However, this doesn't feel like Watt is leaving for any reason other than what's become of the Texans. They have been strip-mined of not just resources but also intellectual power. It's getting better with a new general manager and coaching hires but it's too late when it comes to Watt.

DE J.J. Watt spent 10 seasons with the Houston Texans.

It may take years for the Texans to recover from the self-inflicted damage from awful ownership and doofus cornballs who shouldn't be near a second-rate comedy club, let alone part of an NFL front office.

This isn't a case of a competent franchise deciding to go with a younger player, or someone they think is the future, like when the 49ers went from Montana to Steve Young, or the Patriots releasing Tom Brady because they thought he was done (oops).

Watt won't say this but he's leaving because he can see and he's not dumb.

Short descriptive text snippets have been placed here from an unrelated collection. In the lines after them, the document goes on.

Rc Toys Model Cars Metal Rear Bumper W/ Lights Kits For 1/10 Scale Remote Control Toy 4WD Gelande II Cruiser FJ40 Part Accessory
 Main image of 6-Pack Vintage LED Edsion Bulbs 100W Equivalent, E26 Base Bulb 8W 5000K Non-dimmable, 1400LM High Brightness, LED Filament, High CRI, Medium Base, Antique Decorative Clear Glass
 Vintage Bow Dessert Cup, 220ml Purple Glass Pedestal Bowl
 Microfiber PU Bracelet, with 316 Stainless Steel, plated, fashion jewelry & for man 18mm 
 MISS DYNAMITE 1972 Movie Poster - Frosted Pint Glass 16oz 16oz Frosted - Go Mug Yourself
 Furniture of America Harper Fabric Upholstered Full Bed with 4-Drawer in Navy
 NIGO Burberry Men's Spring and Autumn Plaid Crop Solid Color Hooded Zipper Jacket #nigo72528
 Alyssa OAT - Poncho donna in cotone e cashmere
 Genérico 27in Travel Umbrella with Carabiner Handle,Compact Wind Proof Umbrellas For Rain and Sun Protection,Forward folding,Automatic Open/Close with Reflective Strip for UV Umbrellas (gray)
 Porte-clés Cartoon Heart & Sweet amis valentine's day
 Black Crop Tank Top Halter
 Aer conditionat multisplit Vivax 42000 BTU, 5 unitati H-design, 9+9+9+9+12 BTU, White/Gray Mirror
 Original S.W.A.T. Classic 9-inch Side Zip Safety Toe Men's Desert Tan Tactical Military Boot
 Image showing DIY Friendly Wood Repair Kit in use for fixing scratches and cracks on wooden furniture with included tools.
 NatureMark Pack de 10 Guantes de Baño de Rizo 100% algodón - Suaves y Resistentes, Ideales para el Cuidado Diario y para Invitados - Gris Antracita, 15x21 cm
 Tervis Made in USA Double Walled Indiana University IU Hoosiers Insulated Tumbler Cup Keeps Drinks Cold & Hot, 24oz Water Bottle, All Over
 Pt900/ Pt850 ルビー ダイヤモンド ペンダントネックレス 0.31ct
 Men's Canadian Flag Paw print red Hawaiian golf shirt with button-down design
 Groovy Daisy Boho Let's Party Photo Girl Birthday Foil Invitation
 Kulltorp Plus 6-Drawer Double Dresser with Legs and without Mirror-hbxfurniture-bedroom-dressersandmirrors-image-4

There's a massive rebuilding coming in Houston because the coaches and front office have been grossly incompetent for years.

Watt's departure is the logical end of the Texans' futility.

Is Watt what he was five years ago? No. Few players are.

Yet there's no question he can play. ESPN Stats & Information says he ranked 15th out of 119th for qualified pass rushers in pass rush win rate. 

No one should feel sorry for Watt. He's rich and healthy. Watt will eat. He'll be fine.

It's just ... a waste. It's also possibly a peak into Watson's future, if he stays in Houston, which is becoming increasingly remote.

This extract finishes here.